*Problem to work on*:
Beginning with the first line, retype exactly the records below up to and including the line with "Paola Zuin Women"; pictures do not belong in the copy.

Records from a data collection
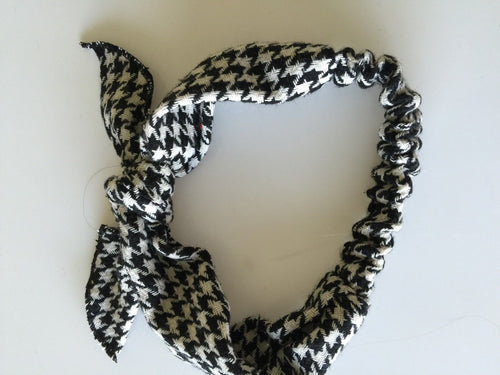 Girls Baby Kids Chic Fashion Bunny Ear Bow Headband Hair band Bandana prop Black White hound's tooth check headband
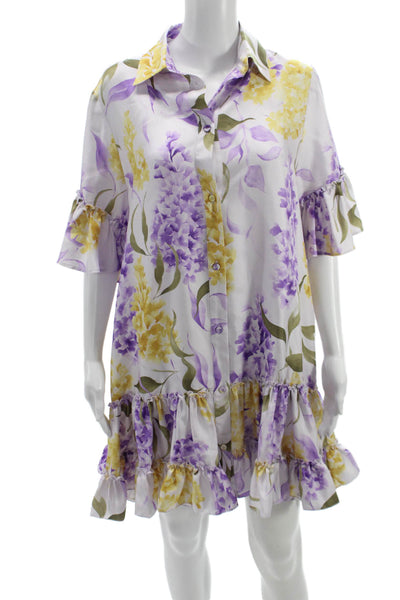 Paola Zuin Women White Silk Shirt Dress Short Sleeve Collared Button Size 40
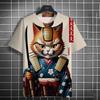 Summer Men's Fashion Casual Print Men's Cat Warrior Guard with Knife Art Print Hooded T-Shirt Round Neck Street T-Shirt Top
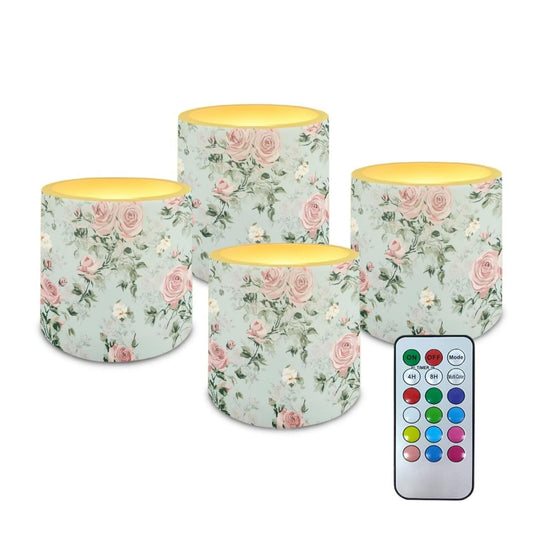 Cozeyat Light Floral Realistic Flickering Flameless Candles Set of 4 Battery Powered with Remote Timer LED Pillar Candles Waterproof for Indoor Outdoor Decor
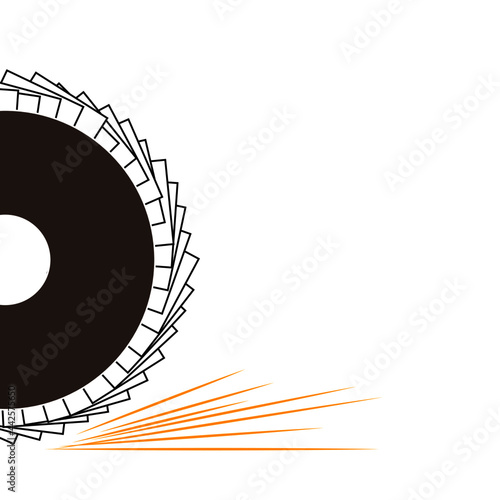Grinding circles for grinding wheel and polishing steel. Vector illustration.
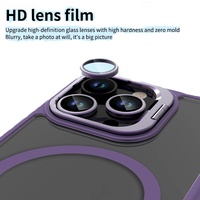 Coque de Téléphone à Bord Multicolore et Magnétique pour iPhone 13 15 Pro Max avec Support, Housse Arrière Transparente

*Expected answer*:
 Girls Baby Kids Chic Fashion Bunny Ear Bow Headband Hair band Bandana prop Black White hound's tooth check headband
 Paola Zuin Women White Silk Shirt Dress Short Sleeve Collared Button Size 40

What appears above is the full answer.